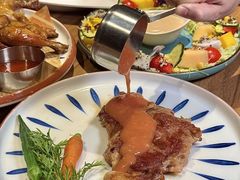 -路易十三西餐厅(西关新天地店)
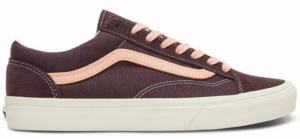 Giày Vans Style 36 'Vintage Sport Red Orange' VN0A3DZ3Y0U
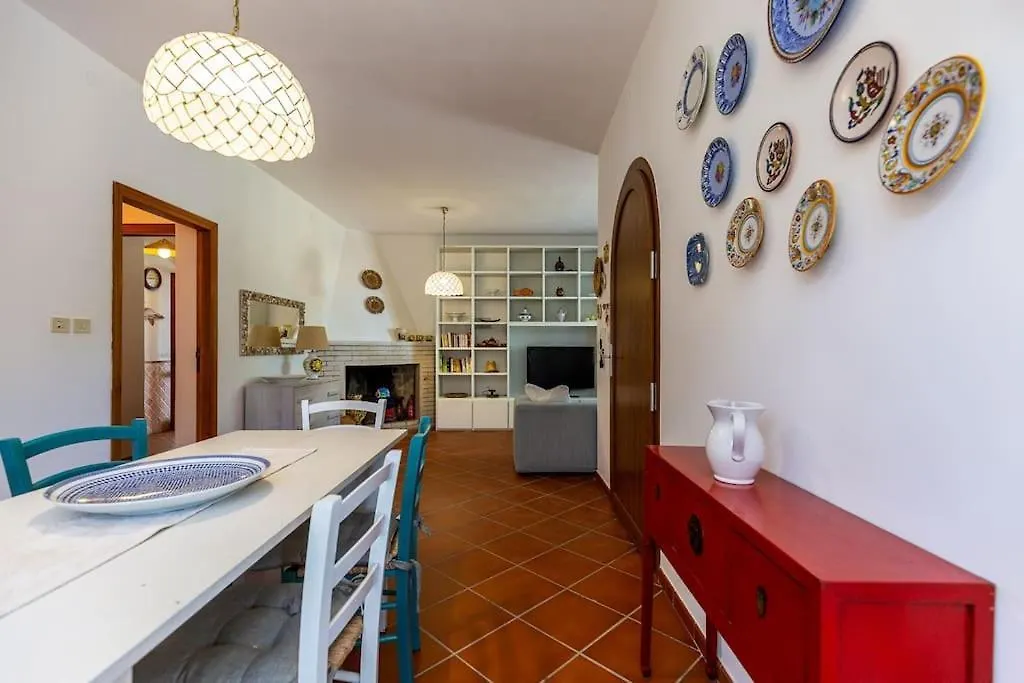 Villa Rosanna Santa Margherita di Pula 0*,  Italy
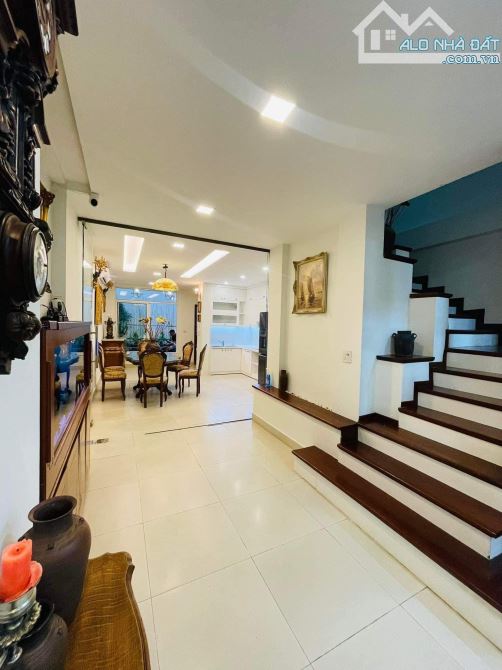 Nhà đẹp ngõ 12 Đào Tấn, Ba Đình Thông Ô TÔ 25 tỷ 91m 5T MT4,8m Sổ A4 XEM ngay - 2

WHAT TO WORK ON:
Each line above is to be duplicated exactly, and the pictures are to be omitted.

SOLUTION FOR THIS EXERCISE:
 -路易十三西餐厅(西关新天地店)
 Giày Vans Style 36 'Vintage Sport Red Orange' VN0A3DZ3Y0U
 Villa Rosanna Santa Margherita di Pula 0*,  Italy
 Nhà đẹp ngõ 12 Đào Tấn, Ba Đình Thông Ô TÔ 25 tỷ 91m 5T MT4,8m Sổ A4 XEM ngay - 2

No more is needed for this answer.